I:          From where?

L:         I, I went, I was assigned from there to San Diego and San Diego was a short time, July of 1951 is when

I:          Um hm.

L:         I went to Korea.

I:          Wow.  Through

L:         We sailed, ’51.

I:          Through sea.


L:         How, part of me, pardon me?

I:          High sea.

L:         High sea.  With a small vessel, you know.  I have a photograph of it here

I:          Yeah.

L:         because that’s


anyway, from there we, uh, it took us almost two weeks.

I:          Yeah?

L:         We stopped in Hawaii, but then we went, from there we went to Sasebo, Japan which is on the south east

I:          Yeah.

L:         coast of Japan.

I:          South west.

L:         South west, pardon me.

I:          Yeah.

L:         Right.  Exactly. South west, right there at the Sea of Japan.  And that’s when we were given various assignments, uh, to patrol the west

I:          Um hm.

L:         coast of Korea,


uh, for, uh, between Wonsan and, and Hungnam.

I:          That’s east side of the Korea.  Yeah.

L:         Yes, you’re right.

I:          Um hm.

L:         Thank you.

I:          Um hm.

L:         Will that all be corrected in your, yes, the east coast.

I:          I mean, this is for the students, so I need to do that, yeah.

L:         Yeah, um hm.

I:          Yeah.  And so

L:         We were, that was our assignment, too.

I:          Yeah.

L:         And our assignment was, uh, was, uh, uh, was a towing vessel, as a rescue vessel, uh.  We placed buoys.  We, we,


had transportation activity.  We had, uh, assignments of, uh, nighttime, anti-mining, uh, an anti-junk, uh, activity up, up the east coast of Korea, but always between Wonsan and Hungnam about, and if, as you know, there’s a nice little harbor in there that we would stick our heads in.  It was about 1,000, 1,000 yards right off the coast of Hungnam.

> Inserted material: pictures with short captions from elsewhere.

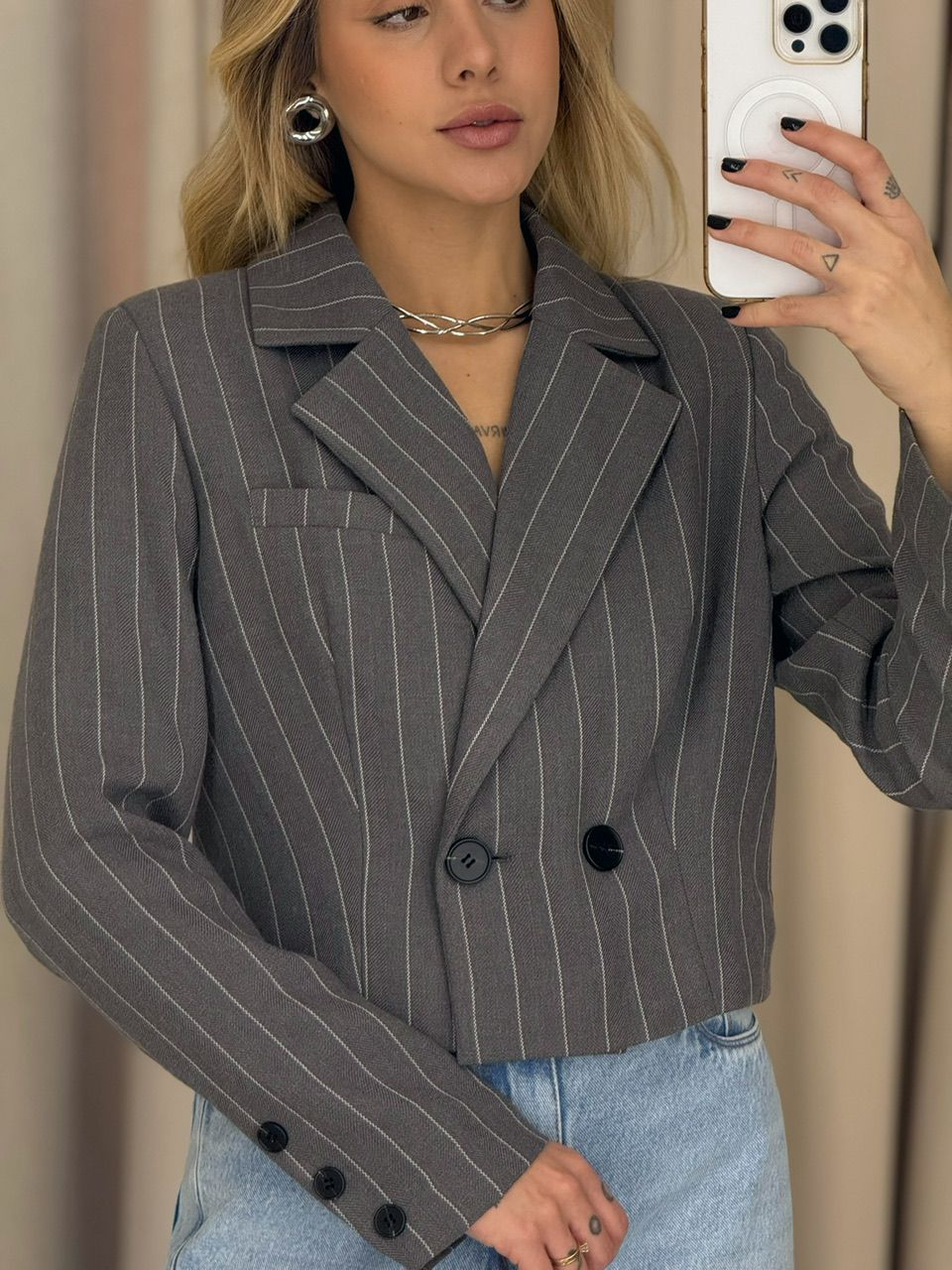BLAZER CELINE RISCA DE GIZ CINZA
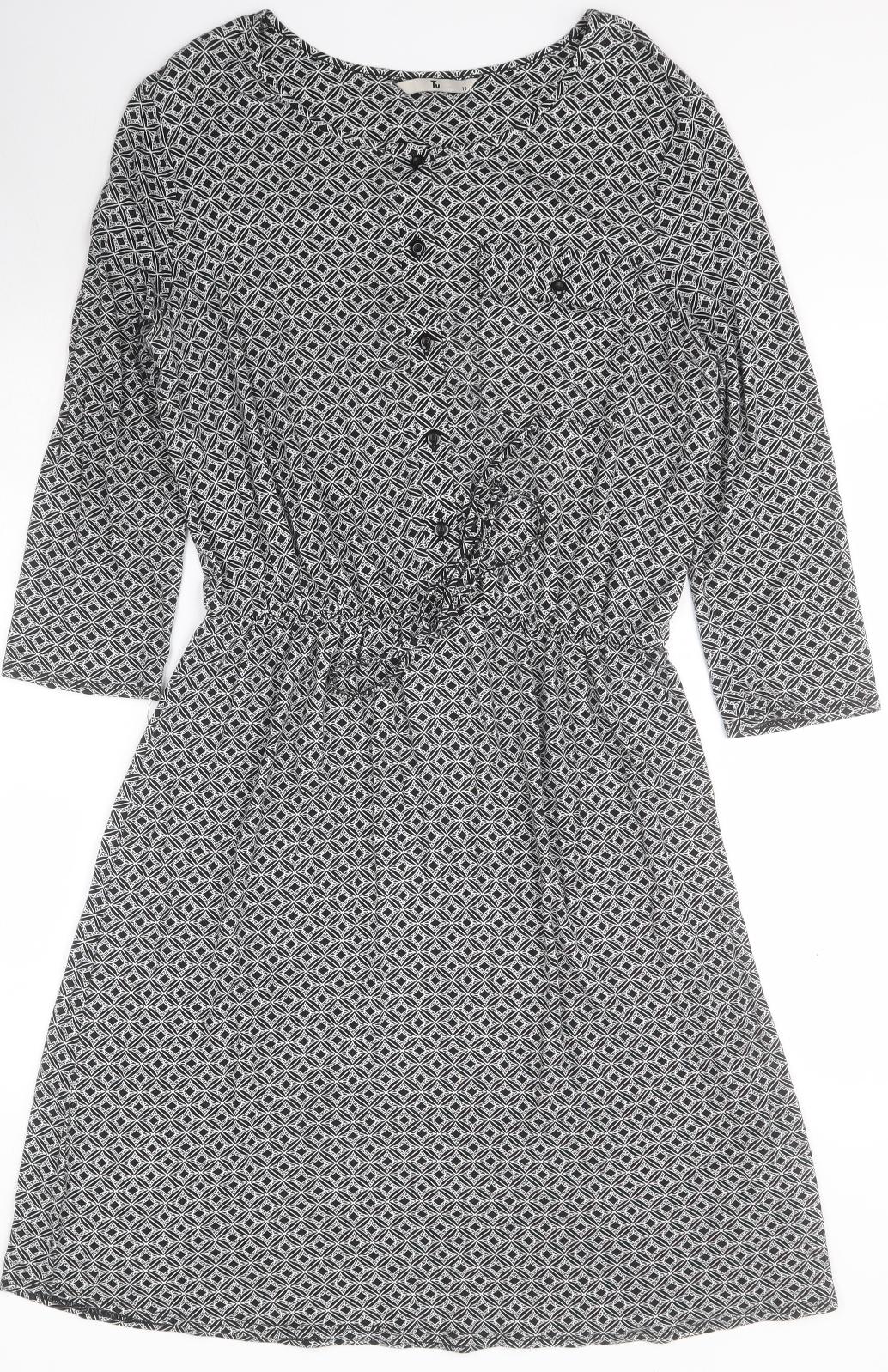 TU Womens Black Geometric Viscose A-Line  Size 10  Round Neck Button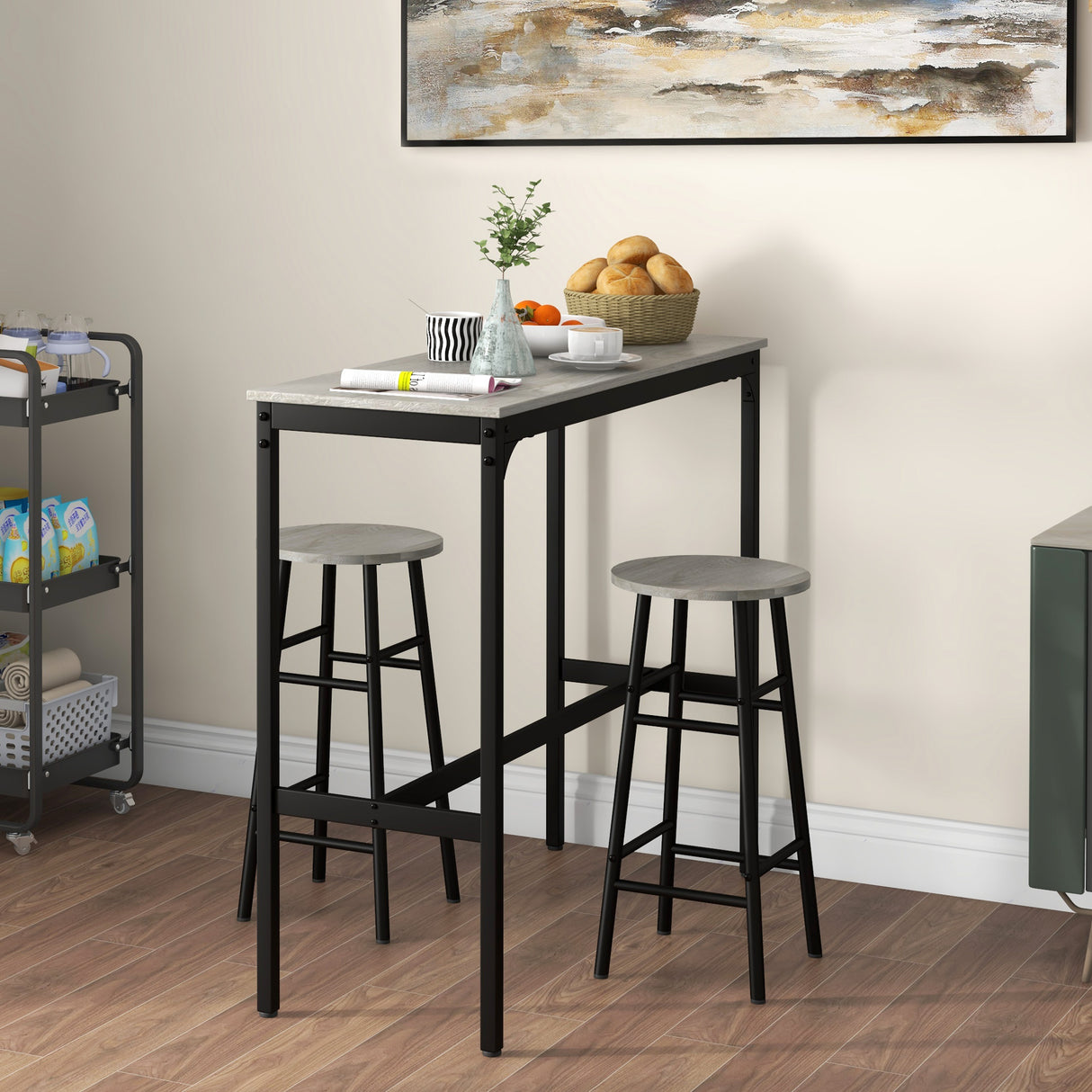 Wooden Bar Table 105cm Wide Rectangular With 2 Stools - Velmora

I:          So what was your unit then?

L:         I was a Naval officer on the ship.  We had five officers.  I was the Operations Officer.

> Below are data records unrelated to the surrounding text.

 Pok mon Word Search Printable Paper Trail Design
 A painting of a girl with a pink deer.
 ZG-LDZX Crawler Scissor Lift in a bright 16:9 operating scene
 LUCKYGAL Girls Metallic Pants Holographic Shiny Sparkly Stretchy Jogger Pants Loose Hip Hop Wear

I:          But what is the unit, 7thFleet or what is it?

L:         Uh, it was Commandant Pacific Fleet.  His fleet was, was Pacific Fleet, and we, under the, the tot, total command of a, of the whole thing was under the Commander of the 7thFleet.  I don’t know how to give you anything more direct on that.

I:          So 7thFleet, and do you know of any lower unit?

L:         No I don’t.


I don’t know.

I:          What is the vessel name that you were in?

L:         The vessel, pardon me?

I:          Vessel name?


L:         The USS

I:          Sarsi?

L:         USS Sarsi.

I:          So you took that USS Sarsi from San Diego

L:         From San Diego

I:          And?

L:         all the way over, that’s right.

I:          Oh, so tell me about that

L:         They, they, they, they were vessels.  It’s a, it’s a big vessel with about 100 compliment of people.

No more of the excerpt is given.